Die unierten Ostkirchen bewahren in ihrer Liturgie und Spiritualität weitgehend und im Kirchenrecht teilweise die Traditionen ihrer orthodoxen beziehungsweise orientalischen Mutterkirchen. 
Die zwischen den unter 1) bis 3) genannten Ostkirchen bestehenden theologischen und kulturellen Unterschiede haben ihren geschichtlichen Ausgangspunkt v. a. in den christologischen Auseinandersetzungen im 5./6. Jahrhundert, aber auch in ethnischen Unterschieden (z. B. der Syrer, Kopten, Armenier), die ebenfalls ein wesentlicher Anlass für die Trennung von der griechisch bestimmten byzantinischen Reichskirche waren. Allen Ostkirchen gemeinsam ist die Bindung an die frühkirchliche Tradition, die davon abgeleitete episkopal-synodale Struktur und die starke Betonung der Liturgie. 

(Brockhaus)

Das Institut zur Verbesserung der Lage warnt vor Ignoranz, Dominanz, Börsentanz, Mummenschanz, Firlefanz. 

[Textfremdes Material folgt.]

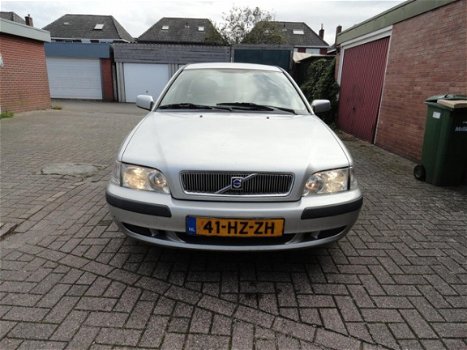 Volvo V40 - 1.6 ( KM 300458 NAP AIRCO) - 1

Das Institut zur Verbesserung der Lage warnt vor Selfmadegötter & Himmelspötter, Marktheilige & Grundbuchheilige.
Das Institut zur Verbesserung der Lage empfiehlt Martin Mosebach zu lesen. Und natürlich »Andere & Anderes« auch.
Das Institut zur Verbesserung der Lage empfiehlt Kontrapunkte. Ohne Not- und Todsündenverweise. Ohne Wut- & Gluteifer.